To check if your photos were used for facial recognition software, go to the expose.ai website. On the homepage, you’ll see a search space at the top.

In this search space, you can enter any of the following:

  • Your Flickr username
  • A hashtag
  • A photo URL

homepage for exposing.ai

After entering your details and tapping on the Search key, you’ll find out whether your photos were used within a few seconds.

results for exposing.ai

Is There Anything I Can Do if My Photos Were Used for Facial Recognition?

Not for the most part, no. If your face is already in a dataset out in the open, you can’t get it removed.

Related: Is Facial Recognition Legal in Your Country?
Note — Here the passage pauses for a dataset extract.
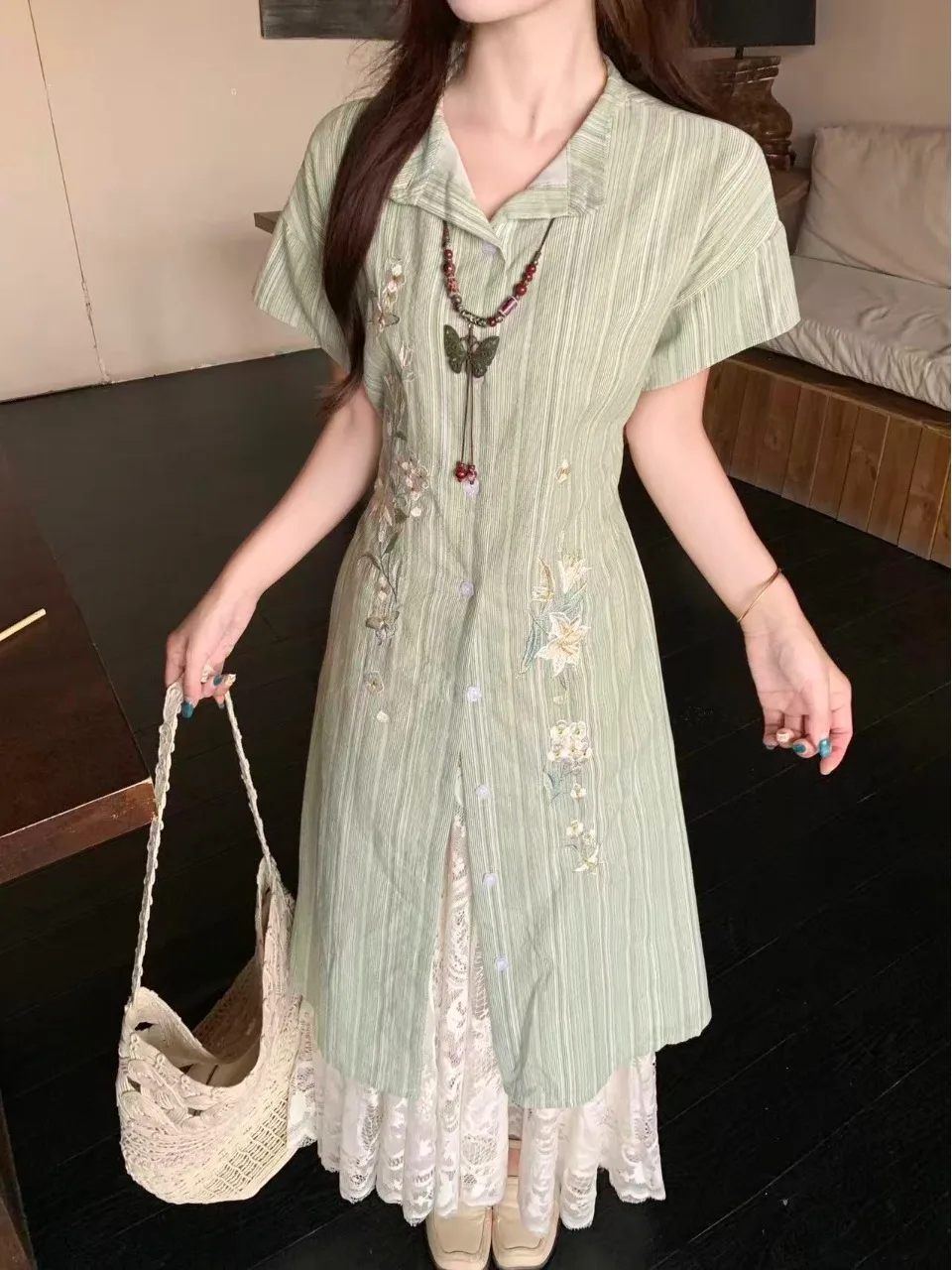 

Artistic Embroidered Striped Shirt Dress plus Size Women's Summer Casual Fashion Set Slimming Two-Piece Suit Chinese Style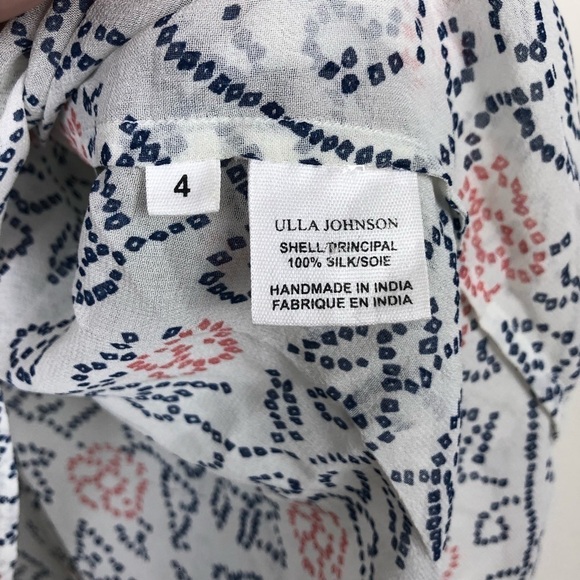 Ulla Johnson Dunia Floral Cold Shoulder Silk Tassel Blouse Casual Printed - Picture 7 of 7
You can stop the same thing from happening in the future, though, by requesting that your picture is not distributed in releases going forward.

As an example, the photos IBM used were initially part of the YFCC100M. These photos were published online as part of a Creative Commons License. Barring some exceptions, they can be used freely.

Has Your Face Been Used for Facial Recognition?

Many people don’t want their faces brandished on social media pages, let alone used for research. While facial recognition software must improve, it’s also understandable that some users won’t want their faces distributed without consent.

While there’s not much you can do if your face has already been used in a dataset, exposing.ai helps show companies’ artificial intelligence tactics.

For the most part, all you can do right now is read about image sharing rights before publishing on any platform. Other than that, you’d need to wait for regulatory changes to stop similar things from happening.